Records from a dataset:
##############################

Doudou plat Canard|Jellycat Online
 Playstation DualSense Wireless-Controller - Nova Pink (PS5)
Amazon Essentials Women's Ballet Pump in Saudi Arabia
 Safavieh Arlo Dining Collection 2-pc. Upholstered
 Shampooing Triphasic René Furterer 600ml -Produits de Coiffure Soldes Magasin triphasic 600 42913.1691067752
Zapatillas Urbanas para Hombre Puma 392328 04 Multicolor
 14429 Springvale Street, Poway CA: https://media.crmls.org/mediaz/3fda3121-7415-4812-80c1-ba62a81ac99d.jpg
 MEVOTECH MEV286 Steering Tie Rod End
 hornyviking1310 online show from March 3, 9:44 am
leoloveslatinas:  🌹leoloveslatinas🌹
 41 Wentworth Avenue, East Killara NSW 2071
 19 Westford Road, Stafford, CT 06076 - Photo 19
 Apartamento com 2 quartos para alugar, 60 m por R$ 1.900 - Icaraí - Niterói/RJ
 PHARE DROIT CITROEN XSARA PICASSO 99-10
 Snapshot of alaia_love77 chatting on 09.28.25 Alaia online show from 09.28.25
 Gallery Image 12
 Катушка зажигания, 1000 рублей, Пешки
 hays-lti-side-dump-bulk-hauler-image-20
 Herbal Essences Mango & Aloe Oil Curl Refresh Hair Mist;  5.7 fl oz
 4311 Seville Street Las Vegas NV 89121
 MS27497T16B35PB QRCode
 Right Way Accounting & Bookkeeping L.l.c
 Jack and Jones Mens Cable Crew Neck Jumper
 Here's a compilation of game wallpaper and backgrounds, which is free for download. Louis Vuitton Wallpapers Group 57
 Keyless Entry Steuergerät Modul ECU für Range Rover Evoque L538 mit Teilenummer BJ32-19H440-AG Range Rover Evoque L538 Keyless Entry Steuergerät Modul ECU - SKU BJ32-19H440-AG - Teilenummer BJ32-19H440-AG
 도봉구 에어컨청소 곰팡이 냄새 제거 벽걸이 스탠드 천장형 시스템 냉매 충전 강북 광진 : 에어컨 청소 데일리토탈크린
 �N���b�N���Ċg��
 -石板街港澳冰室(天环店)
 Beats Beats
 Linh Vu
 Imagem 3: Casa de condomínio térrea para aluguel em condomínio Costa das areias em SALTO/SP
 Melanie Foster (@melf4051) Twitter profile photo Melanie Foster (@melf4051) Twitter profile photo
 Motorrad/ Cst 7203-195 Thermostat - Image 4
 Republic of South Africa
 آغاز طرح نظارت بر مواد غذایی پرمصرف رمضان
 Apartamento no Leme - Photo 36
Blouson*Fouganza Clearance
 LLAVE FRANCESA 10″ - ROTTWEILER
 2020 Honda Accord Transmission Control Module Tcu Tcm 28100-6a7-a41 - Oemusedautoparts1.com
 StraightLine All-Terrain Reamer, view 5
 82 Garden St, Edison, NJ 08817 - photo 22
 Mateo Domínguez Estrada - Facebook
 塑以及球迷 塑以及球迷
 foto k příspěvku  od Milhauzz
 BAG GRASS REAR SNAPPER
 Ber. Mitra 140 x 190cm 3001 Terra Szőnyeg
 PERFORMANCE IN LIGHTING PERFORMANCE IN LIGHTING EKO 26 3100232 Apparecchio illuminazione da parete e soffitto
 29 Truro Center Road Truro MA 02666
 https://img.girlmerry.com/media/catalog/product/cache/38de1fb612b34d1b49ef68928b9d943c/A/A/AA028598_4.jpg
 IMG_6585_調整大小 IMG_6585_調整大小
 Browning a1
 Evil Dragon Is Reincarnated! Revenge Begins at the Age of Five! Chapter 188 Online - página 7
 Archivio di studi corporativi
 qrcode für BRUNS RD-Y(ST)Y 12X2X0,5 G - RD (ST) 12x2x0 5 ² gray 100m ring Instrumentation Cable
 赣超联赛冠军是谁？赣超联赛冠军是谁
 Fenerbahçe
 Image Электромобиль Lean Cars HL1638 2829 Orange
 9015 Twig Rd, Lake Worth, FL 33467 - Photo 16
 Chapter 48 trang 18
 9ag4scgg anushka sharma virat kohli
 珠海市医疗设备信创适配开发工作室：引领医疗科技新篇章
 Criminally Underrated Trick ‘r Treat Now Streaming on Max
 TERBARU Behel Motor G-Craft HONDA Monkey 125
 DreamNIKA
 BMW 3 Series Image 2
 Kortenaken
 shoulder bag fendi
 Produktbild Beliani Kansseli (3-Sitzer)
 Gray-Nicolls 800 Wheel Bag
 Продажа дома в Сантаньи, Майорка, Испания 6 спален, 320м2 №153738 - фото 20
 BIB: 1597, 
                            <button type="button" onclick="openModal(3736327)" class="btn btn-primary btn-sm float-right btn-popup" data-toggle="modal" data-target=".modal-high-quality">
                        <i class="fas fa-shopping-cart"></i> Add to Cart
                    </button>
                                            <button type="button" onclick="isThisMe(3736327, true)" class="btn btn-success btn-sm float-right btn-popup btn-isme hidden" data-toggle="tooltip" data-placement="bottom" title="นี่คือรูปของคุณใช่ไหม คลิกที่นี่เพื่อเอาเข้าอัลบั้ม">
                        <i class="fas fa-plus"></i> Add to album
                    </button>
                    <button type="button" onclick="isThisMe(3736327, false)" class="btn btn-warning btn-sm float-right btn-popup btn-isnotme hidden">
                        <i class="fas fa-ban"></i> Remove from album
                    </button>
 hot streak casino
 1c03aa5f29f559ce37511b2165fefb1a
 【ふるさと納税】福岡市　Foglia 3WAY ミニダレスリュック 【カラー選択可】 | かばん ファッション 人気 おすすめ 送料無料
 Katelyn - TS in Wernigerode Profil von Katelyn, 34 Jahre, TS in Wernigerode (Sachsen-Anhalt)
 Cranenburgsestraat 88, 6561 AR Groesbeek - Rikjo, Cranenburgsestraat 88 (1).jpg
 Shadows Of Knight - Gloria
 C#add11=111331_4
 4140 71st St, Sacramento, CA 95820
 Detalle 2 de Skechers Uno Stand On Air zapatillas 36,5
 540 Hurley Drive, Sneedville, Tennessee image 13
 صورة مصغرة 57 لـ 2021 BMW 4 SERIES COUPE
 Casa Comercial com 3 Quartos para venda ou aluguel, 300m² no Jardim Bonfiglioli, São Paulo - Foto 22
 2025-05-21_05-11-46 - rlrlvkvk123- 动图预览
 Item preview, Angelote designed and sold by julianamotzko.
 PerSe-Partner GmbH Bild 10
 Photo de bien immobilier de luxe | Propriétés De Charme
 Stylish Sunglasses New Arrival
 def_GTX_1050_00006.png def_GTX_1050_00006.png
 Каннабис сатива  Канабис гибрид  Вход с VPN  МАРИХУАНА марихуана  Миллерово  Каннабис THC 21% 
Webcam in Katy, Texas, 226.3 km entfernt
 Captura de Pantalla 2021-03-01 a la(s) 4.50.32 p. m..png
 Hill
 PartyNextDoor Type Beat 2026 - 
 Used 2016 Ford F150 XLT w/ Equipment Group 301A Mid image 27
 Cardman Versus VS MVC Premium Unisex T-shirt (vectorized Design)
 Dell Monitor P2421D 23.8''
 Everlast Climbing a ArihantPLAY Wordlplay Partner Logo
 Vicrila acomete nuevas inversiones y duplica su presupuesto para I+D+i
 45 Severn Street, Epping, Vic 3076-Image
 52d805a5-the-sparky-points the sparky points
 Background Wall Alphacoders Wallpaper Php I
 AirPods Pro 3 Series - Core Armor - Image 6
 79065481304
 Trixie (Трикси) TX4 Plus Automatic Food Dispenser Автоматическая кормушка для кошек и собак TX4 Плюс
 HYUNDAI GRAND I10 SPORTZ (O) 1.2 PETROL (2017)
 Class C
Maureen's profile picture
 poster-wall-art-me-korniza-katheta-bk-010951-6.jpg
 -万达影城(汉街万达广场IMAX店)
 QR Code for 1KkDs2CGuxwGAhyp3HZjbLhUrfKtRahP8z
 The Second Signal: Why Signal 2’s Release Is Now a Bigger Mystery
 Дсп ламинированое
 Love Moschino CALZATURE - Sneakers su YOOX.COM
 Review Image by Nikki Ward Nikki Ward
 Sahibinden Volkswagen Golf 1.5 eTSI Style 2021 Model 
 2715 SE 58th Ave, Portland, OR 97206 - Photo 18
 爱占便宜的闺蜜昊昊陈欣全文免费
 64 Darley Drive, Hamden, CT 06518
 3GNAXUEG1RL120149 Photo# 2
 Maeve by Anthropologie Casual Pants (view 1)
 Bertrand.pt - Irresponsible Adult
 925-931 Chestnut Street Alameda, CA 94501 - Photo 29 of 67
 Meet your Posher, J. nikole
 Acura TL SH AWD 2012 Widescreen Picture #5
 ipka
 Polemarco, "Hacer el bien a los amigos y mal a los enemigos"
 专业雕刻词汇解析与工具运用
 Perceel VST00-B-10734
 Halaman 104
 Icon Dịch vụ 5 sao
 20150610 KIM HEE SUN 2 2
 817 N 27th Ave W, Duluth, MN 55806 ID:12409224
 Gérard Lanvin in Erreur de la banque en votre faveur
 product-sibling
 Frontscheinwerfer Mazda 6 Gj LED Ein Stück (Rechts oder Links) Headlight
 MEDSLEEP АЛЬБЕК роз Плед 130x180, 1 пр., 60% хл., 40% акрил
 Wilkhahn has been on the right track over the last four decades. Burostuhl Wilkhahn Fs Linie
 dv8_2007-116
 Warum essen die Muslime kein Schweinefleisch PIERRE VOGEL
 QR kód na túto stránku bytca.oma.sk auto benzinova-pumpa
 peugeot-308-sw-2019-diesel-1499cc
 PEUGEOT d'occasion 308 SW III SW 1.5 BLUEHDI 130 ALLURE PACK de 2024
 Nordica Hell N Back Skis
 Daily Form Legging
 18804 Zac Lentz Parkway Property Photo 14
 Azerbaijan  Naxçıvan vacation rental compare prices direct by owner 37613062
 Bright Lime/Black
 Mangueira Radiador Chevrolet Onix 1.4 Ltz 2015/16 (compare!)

##############################

▸ Your task
Give back the records word for word. Start at the first line, end at the line containing "Shampooing Triphasic René", and include both.

▸ Your solution
Doudou plat Canard|Jellycat Online
 Playstation DualSense Wireless-Controller - Nova Pink (PS5)
Amazon Essentials Women's Ballet Pump in Saudi Arabia
 Safavieh Arlo Dining Collection 2-pc. Upholstered
 Shampooing Triphasic René Furterer 600ml -Produits de Coiffure Soldes Magasin triphasic 600 42913.1691067752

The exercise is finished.